Los informes forenses concluyeron que, esa fatídica noche, Sailer recibió un disparo y varios machetazos en la cabeza sin posibilidad de defensa. Los autores materiales del crimen fueron dos jóvenes encapuchados, pero el autor intelectual fue Joaquín, que se quería vengar de una agresión que él mismo había sufrido semanas atrás, cuando un vehículo se detuvo delante suyo y varios jóvenes salieron con pistolas dispuestos a acabar con su vida. Un hecho más dentro de la violencia que se vive entre bandas juveniles.
Según ha informado El País, el tribunal ha considerado que, pese a no empuñar ningun arma aquella noche, Joaquín fue el responsable de ordenar, planificar y ensayar el asesinato de Sailer. «La intervención del acusado no se materializa en la ejecución directa, sino en una inducción eficaz», recoge el fallo. Los autores materiales ya fueron condenados en el pasado a ocho años de internamiento en un procedimiento separado.
Joaquín no solo dio la orden, sino que adquirió con anterioridad al crimen un revólver del calibre 38, buscó información sobre la munición, sustrajo una furgoneta que se utilizó en el asesinato y realizó ensayos previos para que todo saliera tal cual lo imaginaba. Junto a él también ha sido condenado –a 36 años de prisión–, Kevin H., su mano derecha, y otro de sus ayudantes, Benji de M. Se ha absuelto Lucian I., el conductor de aquella furgoneta que ha insistido que desconocía el plan.
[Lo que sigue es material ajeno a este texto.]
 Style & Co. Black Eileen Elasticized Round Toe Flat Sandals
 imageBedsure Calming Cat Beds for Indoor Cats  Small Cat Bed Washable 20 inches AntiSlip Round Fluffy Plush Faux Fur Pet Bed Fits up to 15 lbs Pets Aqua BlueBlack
La víctima, Sailen, un dominicano de 21 años, había acudido aquella noche a un concierta en una sala a las afueras de Fuenlabrada. Él no había tenido participación alguna en el ataque que había sufrido Joaquín días antes, pero fue el elegido al azar para saldar cuentas. Era un gran aficionado al béisbol que tenía pensado viajar a Estados Unidos para practicar ese deporte. Tras acabar con su vida, los agresores hirieron a otras tres personas.
El caso supone uno de los pocos precedentes en España en los que se aplica la prisión permanente revisable a quien no ejecuta directamente el crimen, pero lo ordena. En este caso, la resolución judicial considera acreditado que, sin su liderazgo y planificación, el asesinato no se habría producido y Sailen seguiría con vida.